'Rose and Fence' ©

Rose and Fence © Mary Baker, Oil on Paper

How to Make Time for Art

The key to making time for art is the ability to say "NO".

If you say "yes" to everything that is asked of you, you will not have time to be creative. And it is so easy to say "yes" to all kinds of things and so hard to say "no." It is hard to say "no" to immediate family, extended family, demands of friends, organizations, messy houses, cluttered basements - the list is endless.

Making art takes lots of time. It not only takes a great deal of time to do whatever it is you are creating, but it also takes a great deal time for what most people would consider "down time." Artistic down time is a foreign concept to people who are not artists. Our society values busyness over artistic incubation, but you cannot create art without it.
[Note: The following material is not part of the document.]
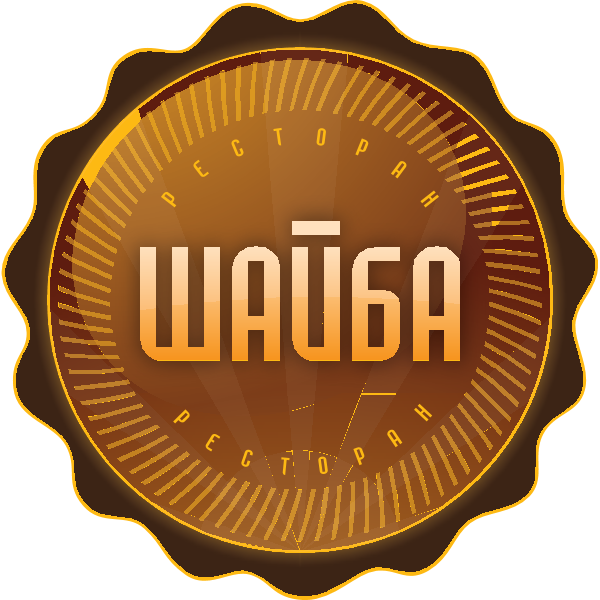 Shaiba restaurant logo_1 Logo ,Logo , icon , SVG Shaiba restaurant logo_1 Logo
You will feel immensely guilty saying to yourself that your art is more important than time spent with a certain friend, organization or clearing out that large dust bunny that is appearing under your bed! But ask yourself, if there was something really crucial, wouldn't you slash everything that was unessential in your life to take care of it. The answer is yes. Do the same thing with your art.

Learning how to say "no" takes practice. You may want to communicate to your nearest and dearest your new priority, so they won't feel emotionally abandoned. From time to time you will get sucked into situations and events; and it takes a great deal of effort to find a balance between creating art and also having a meaningful life outside of that endeavor.

But remember, "no" is a complete sentence. It will take everyone some time to adjust to your new way of living. There may be a lot of grumbling from a lot of people, but if creating art is really important to you, let them grumble away. You'll find out who your friends really are. The ones that really care about you will want what's important for you--to create art!